Hoe dan ook benadrukt de kunstenaar dat hij altijd films wil maken die een fysieke reactie bij de kijker opwekken. Greenaway vervolgt: “Mijn films zijn mediabewust, zelfreflectief, films over films over films. Het is erg belangrijk voor mij om het kunstmatige aspect van filmmaken te benadrukken.”
Voyeurisme
Als voorbeeld noemt Greenaway The Baby of Mâcon: “Aan het einde kijkt een publiek naar een publiek naar een publiek. En dit alles speelt zich af in een kerk, hoe kunstmatig wil je het krijgen?” De Brit kreeg destijds veel kritiek op deze film. Sommige filmjournalisten vonden hem misogyn, onder meer vanwege een brute verkrachtingsscène aan het einde. Maar Greenaway staat al vanaf het begin van zijn carrière bekend als onvervalste taboebreker, die films maakt over onderwerpen waarmee mensen liever niet geconfronteerd worden.
Door de jaren heen werden Greenaways films overladen met positieve en negatieve kritiek. Zo werd hij in sommige kringen weer neergezet als feminist. Greenaway haakt in: “Het meest krachtige personage in The Cook, the Thief, His Wife & Her Lover werd gespeeld door Helen Mirren, die een vrouw speelt die de touwtjes in handen heeft. Maar ook in deze film zit een sterk seksueel element en zijn vrouwen vaak het slachtoffer. Maar in Drowning by Numbers zijn vrouwen juist de daders. Niettemin denk ik dat de wereld is veranderd.”
Greenaway constateert een nieuw soort puritanisme. “We ervaren gelijktijdig een genot en een afwijzing van dat genot.” Dat klinkt alsof we ons voyeurisme eigenlijk niet willen erkennen. Greenaway stelt: “Seks is een groot fenomeen in onze levens, of je nu een non bent of een seriemoordenaar. Je moet het op eigen risico vermijden, maar je moet ook een manier vinden om het te omarmen. En zijn we niet geweldige voyeurs? Kijk naar de invloed van pornografie. Je zou kunnen stellen dat mensen die seks zien in fictiefilms snakken naar echte seks, maar dat mag weer niet realistisch worden verbeeld.”

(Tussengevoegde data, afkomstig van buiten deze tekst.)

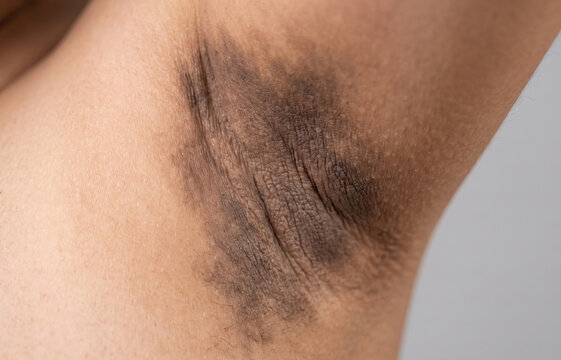 Macro close up of acanthosis nigricans dark hyperpigmentation on human underarm skin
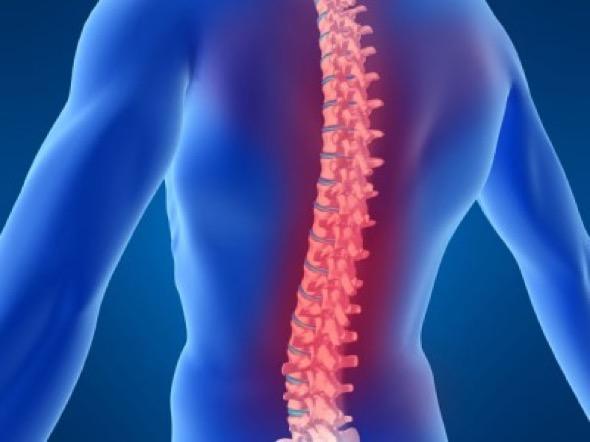 1-motivos dores nas costas postura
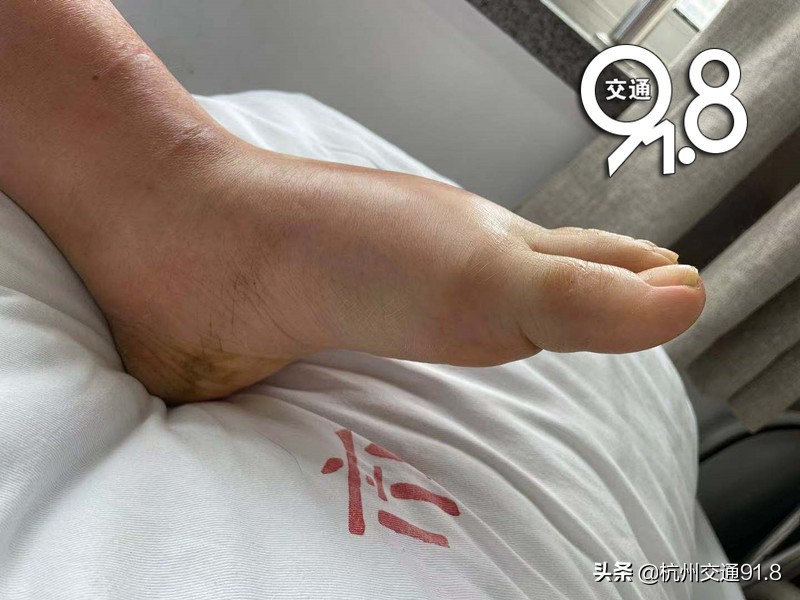 因为脚气！杭州女白领送医救治十几天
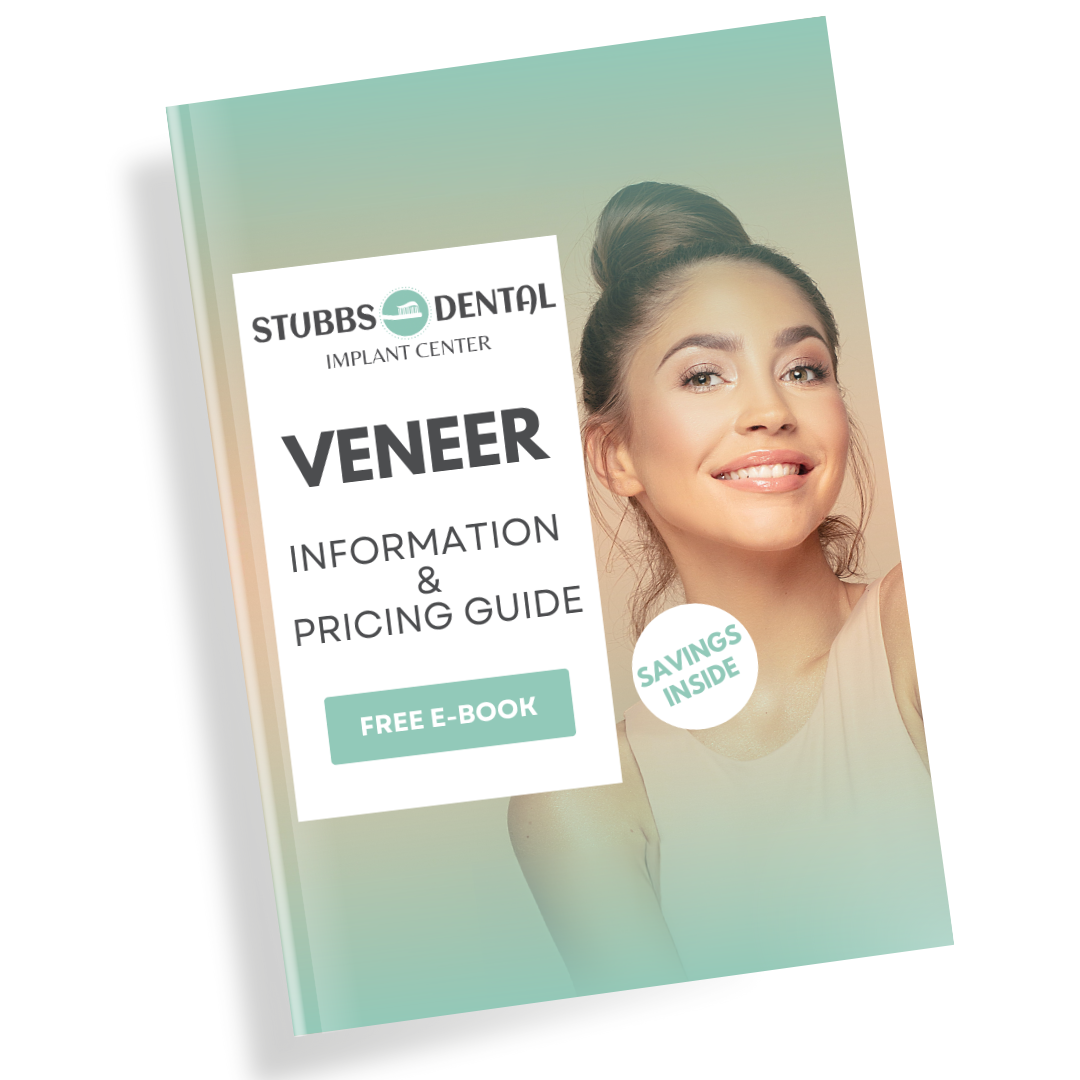 EBook Veneer Pricing Guide Cover Image (1)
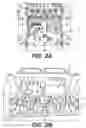 Fig. 03 - PNEUMATIC COMPRESSION SYSTEMS AND COMPRESSION TREATMENT METHODS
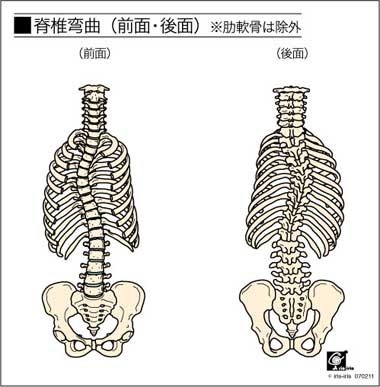 授乳や抱っこで腰 背中 肩 首 腕に痛みと痺れがあり寝屋川市から整体 カイロプラクティックに来院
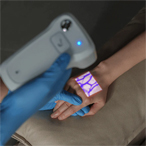 AimVein Pro 2.0 projette une lumière vasculaire focalisée sur le dos de la main pour mettre en évidence les contours des veines.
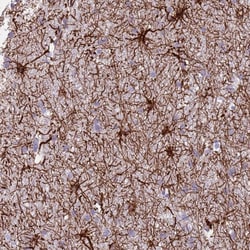 Invitrogen TAS2R38 Polyclonal Antibody 100 &mu;L; Unconjugated:Antibodies,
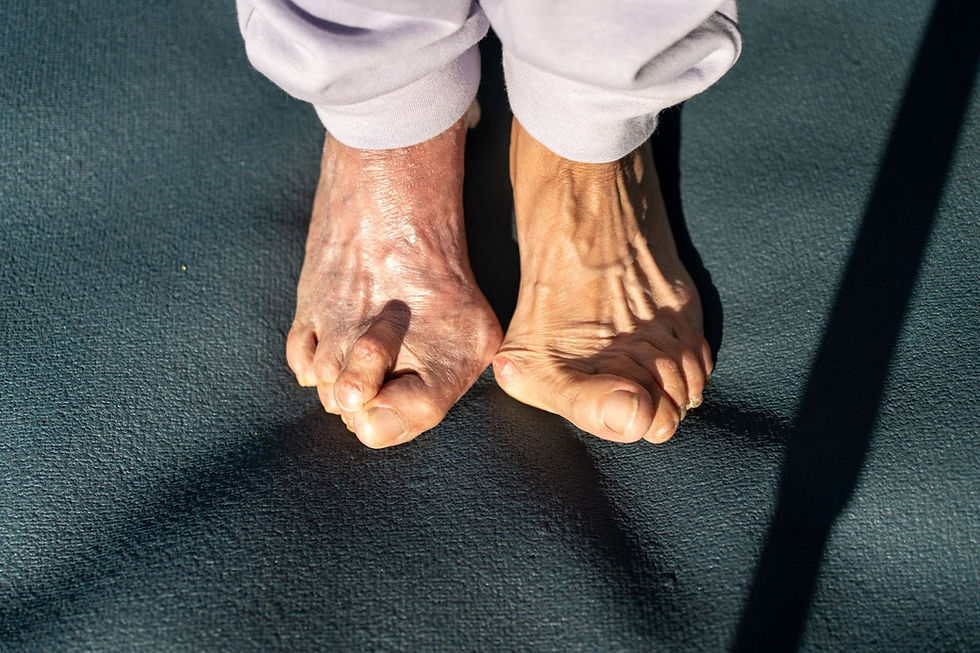 Overhead view of a senior woman's feet showing hammer toe, bunion, and hallux valgus.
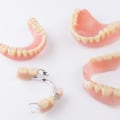 Pros and Cons of Removable Dentures: A Comprehensive Guide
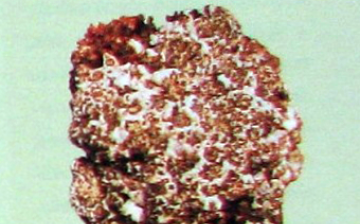 Bacterial rot of cauliflower heads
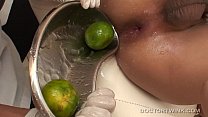 video извращенные медицинские фетиши азиатки не играющие в гольф sex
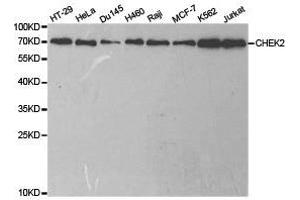 Western Blotting (WB) image for anti-Checkpoint Kinase 2 (CHEK2) antibody (ABIN1871829)
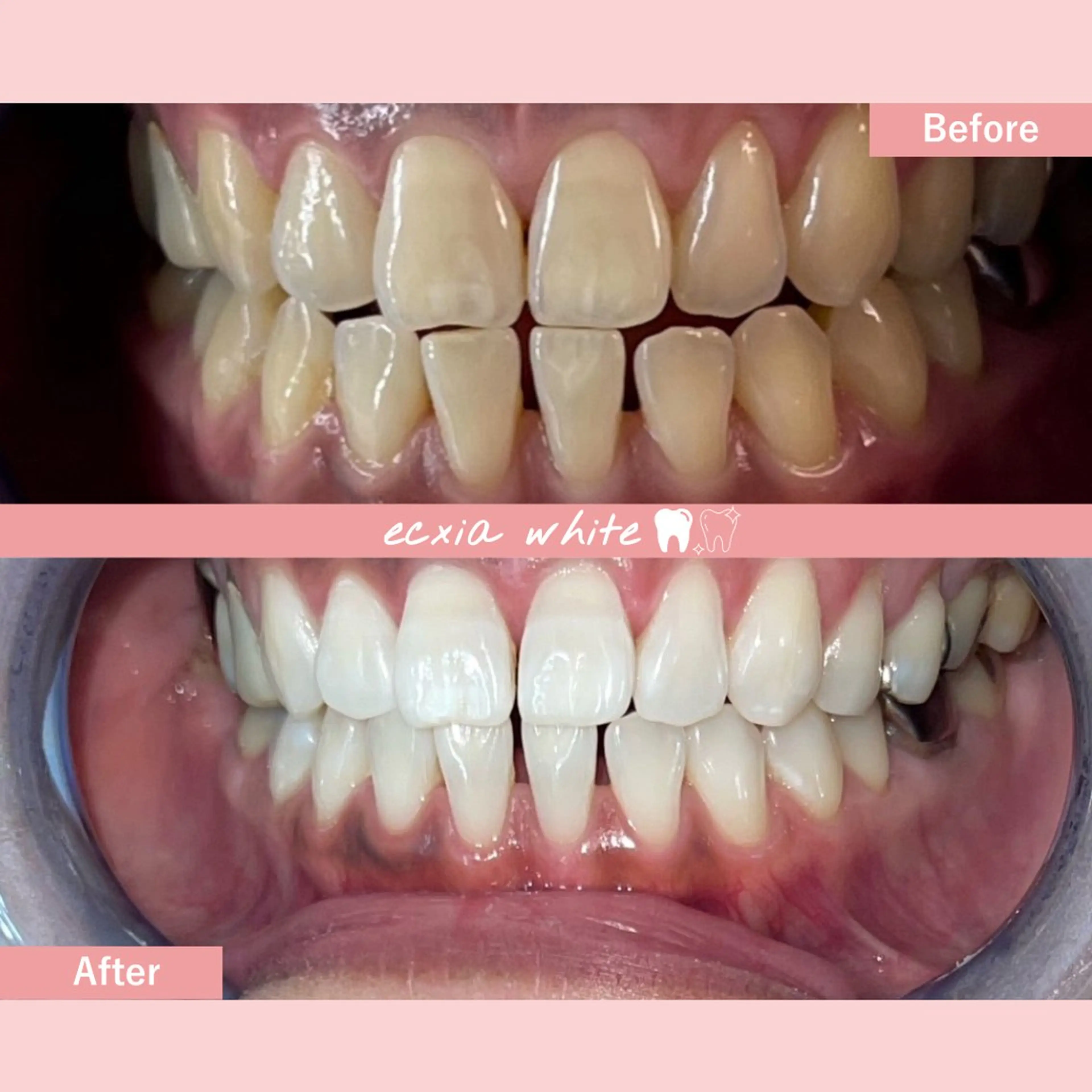 セルフホワイトニング エクシア札幌琴似店のその他イメージ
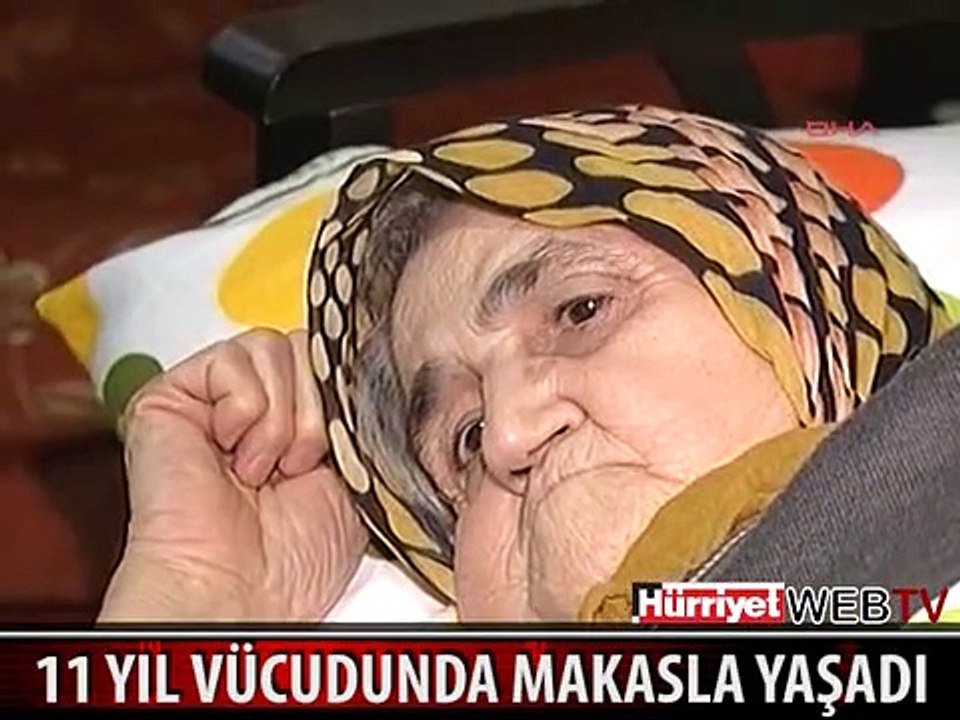 11 YIL VÜCUDUNDA MAKASLA YAŞADI
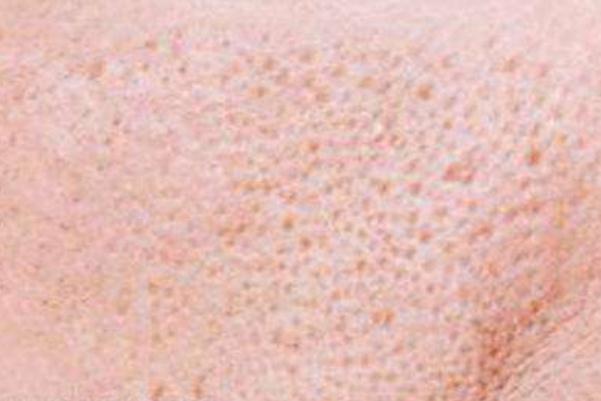 收縮毛孔可以用蘆薈膠嗎 收縮毛孔可以用水乳嗎 收縮毛孔可以用蘆薈膠嗎 收縮毛孔可以用水乳嗎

Dat doet de vraag rijzen of Greenaway niet vreest dat hij wordt gezien als een nestor die beweert dat alles vroeger beter was. Hij reageert vrolijk: “Nee, dat heb ik niet. Is dat trouwens niet het territorium van Quentin Tarantino, het lichtgewicht fenomeen?”
IDFA 2023 vertoont een retrospectief met Peter Greenaways films A Zed & Two Noughts (1985), The Cook, the Thief, His Wife & Her Lover (1989), Nightwatching (2007) en Rembrandt’s J’Accuse (2008), plus Saskia Boddeke’s portret The Greenaway Alphabet (2017) | Tijdens Peter Greenaway Atelier op 12 november 2023 gaat de kunstenaar in gesprek met IDFA’s artistiek directeur Orwa Nyrabia en zijn delen uit zijn nieuwe filmproject Walking to Paris te zien.